Among the ETs defined by MLEE, there were highly nonrandom associations of alleles over the chromosome (i.e., linkage disequilibrium), indicating a clonal population structure. All isolates from the United States (including the type strain from Shelter Island, New York isolated in 1982) and many from west-central Europe formed a monophyletic clade of lineages descended from a single common ancestor, which is presently considered B. burgdorferi sensu stricto [77]. In addition, comparisons of the branching orders of phylogenetic trees based on the DNA sequences of two chromosomally encoded genes (fla and p93) and a plasmid-borne gene (ospA) provide no evidence of lateral gene transfer—again indicating that Borrelia burgdorferi (sensu lato) is strictly clonal—and that plasmid transfer between clones is very rare [80].

Recent analysis of the two outer surface lipoproteins encoded by ospA and ospC within Borrelia burgdorferi (sensu stricto) revealed a strong association between ospA and ospC alleles [81], despite the fact that these genes are encoded on separate plasmids.
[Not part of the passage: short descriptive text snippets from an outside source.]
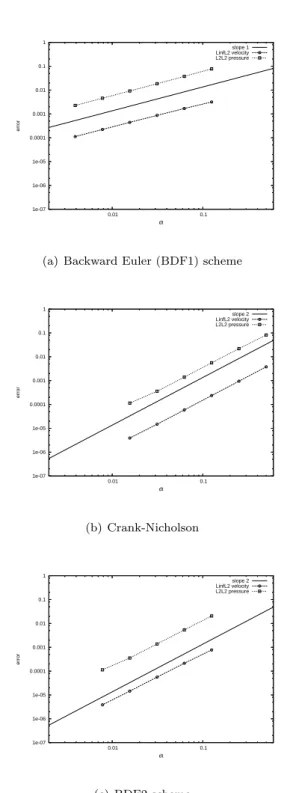 Figure 1: Convergence history in time: P 2 / P 2 CIP stabilized finite elements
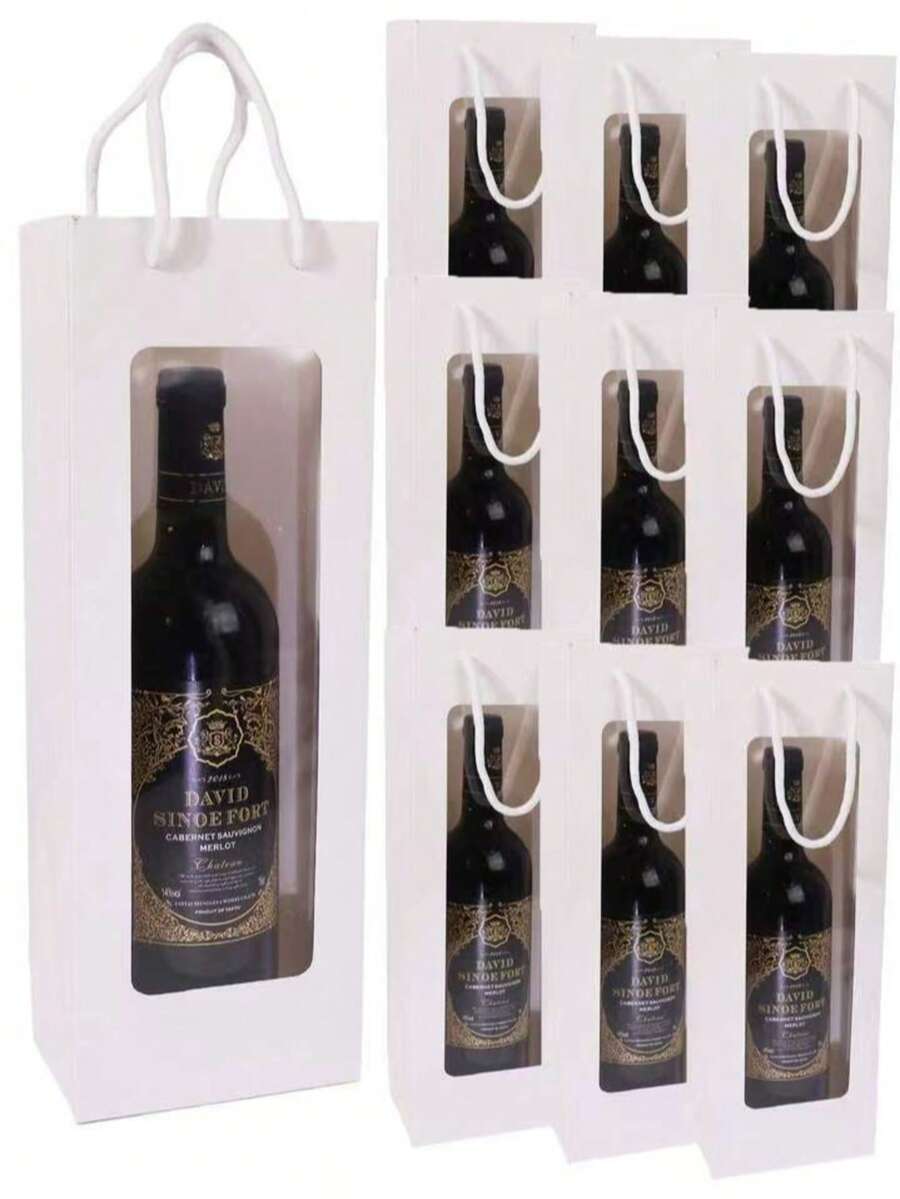 10pcs/Set Reusable Transparent Window Gift Bags With Handles, Suitable For Weddings, Holidays, Birthdays (White) - أبيض - مشاهدة 1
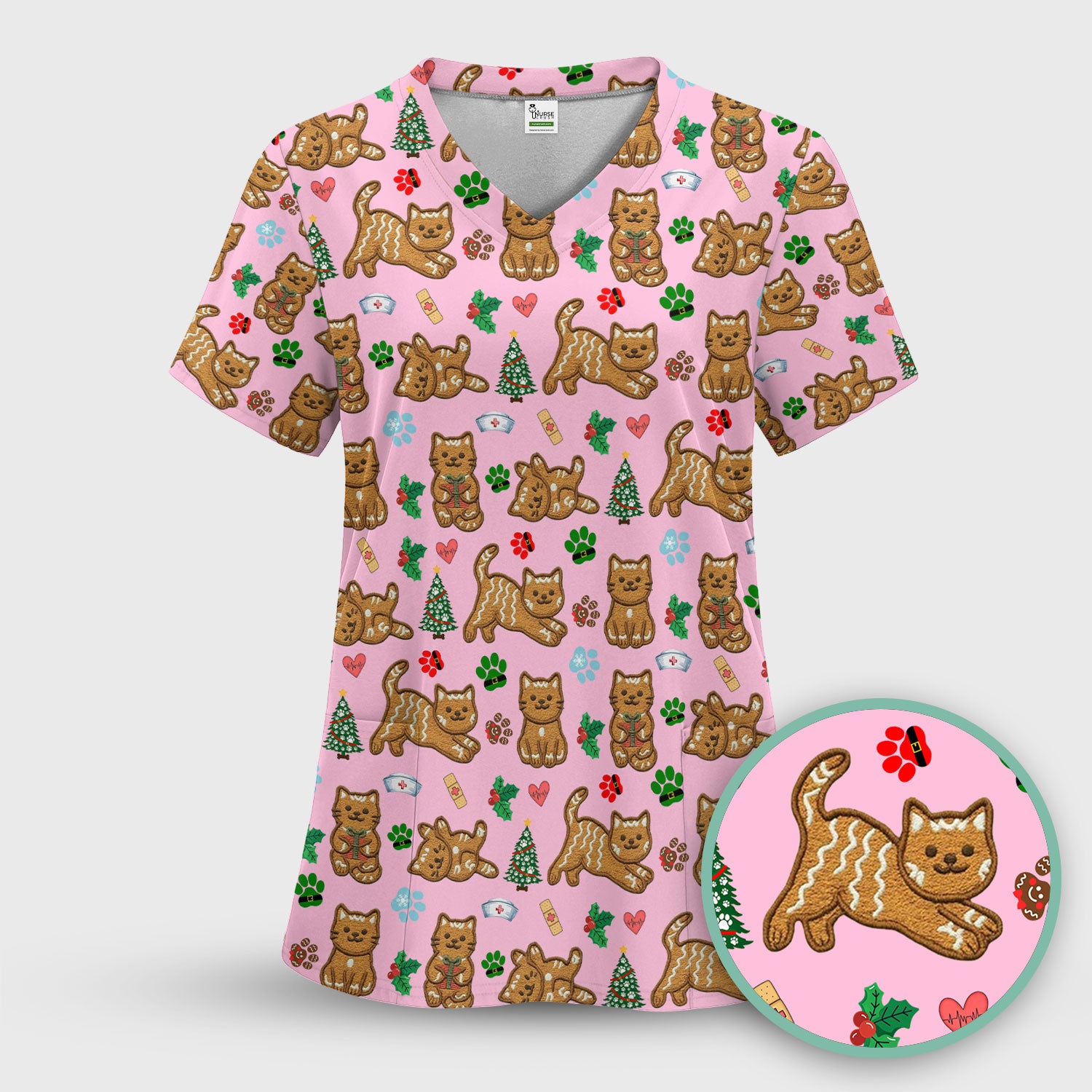 Gingerbread Cat Christmas Scrub Top, Cute Holiday Kitty Medical Uniform Shirt For Nursing, Festive Nurse Pattern
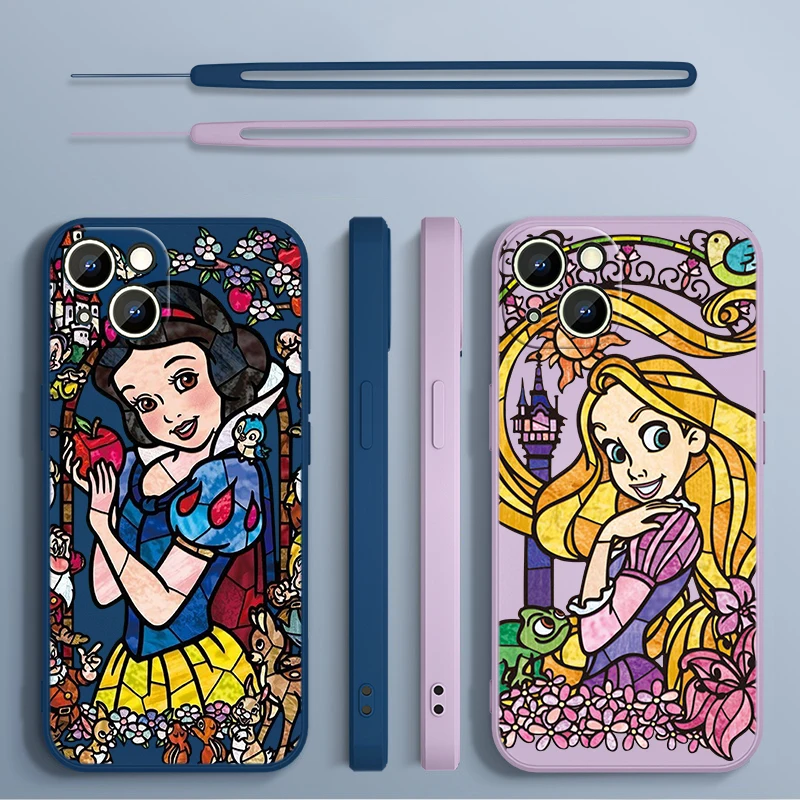 

Disney Cinderella Snow White For Apple iPhone 14 13 12 11 Pro Max Plus XS XR X 8 7 SE Liquid Rope Phone Case Cover Funda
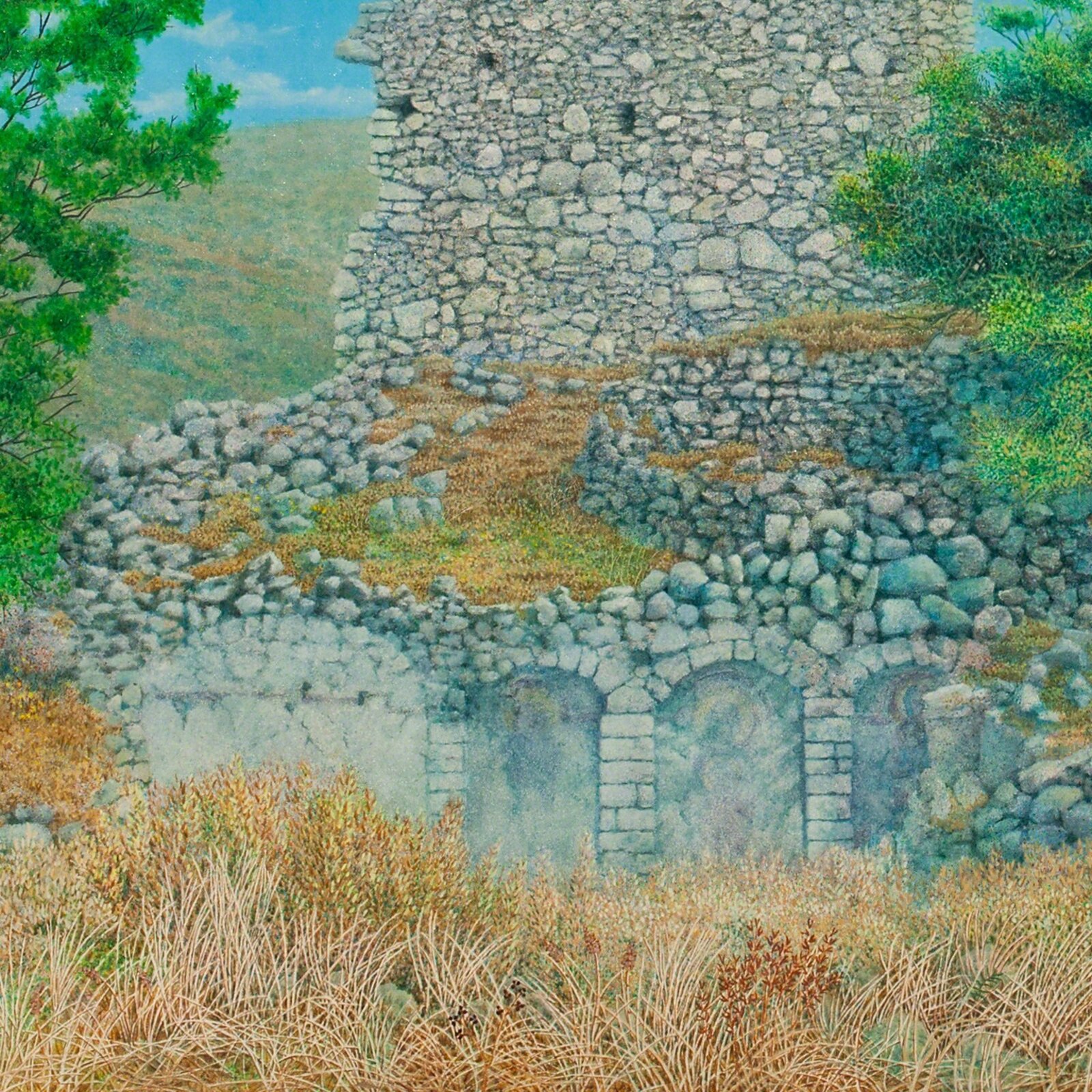 Artwork by George Tzannes, Ancient Ruins at Paliochora With Tree, Made of Oil on Canvas 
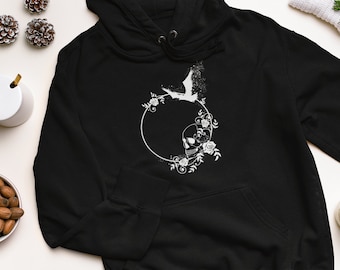 Skull Raven Gothic Hoodie | Witchy Pullover | Viking Design | Gothic Sweater | Witch Clothing | Gothic Apparel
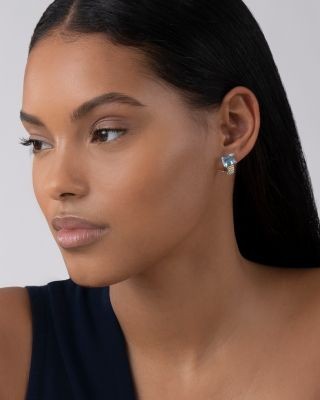 Lagos 18K Yellow Gold & Sterling Silver Glacier Blue Topaz Caviar Beaded Half Hoop Earrings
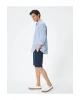 KOTON Kumaş Şort Bermuda Chino Slim Fit Düğmeli Cepli Katlı Paça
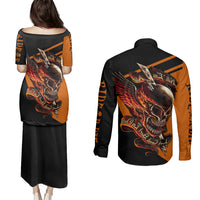 Wings Skull Couples Matching Puletasi Dress and Long Sleeve Button Shirts Kill Them All - Wonder Print Shop
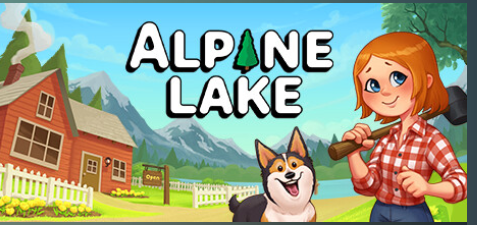 Woman and dog by a house and a lake in Alpine Lake.
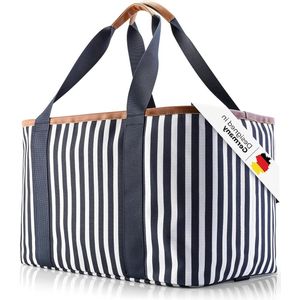 Boodschappenmand | Opvouwbare boodschappentas met PU-lederen handvat | Ideaal als picknickmand shopper of draagtas | 30 liter picnic basket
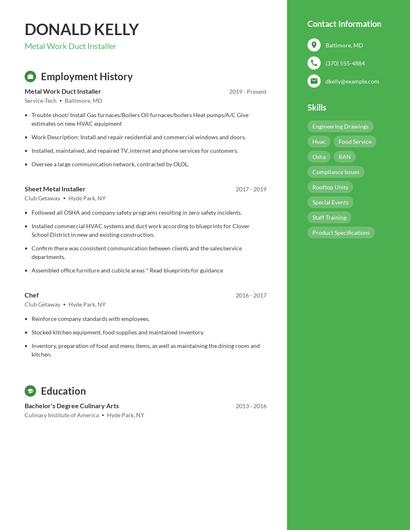 Metal Work Duct Installer Resume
The ospC gene is highly variable, and even in local populations there are large numbers and high frequencies of divergent alleles, as expected if the diversity is maintained through some form of selection acting to maintain variation in the population. Furthermore, the geographic distribution of opaC alleles confirmed that Borrelia burgdorferi (sensu stricto) originated in the United States and only recently spread to Europe [81].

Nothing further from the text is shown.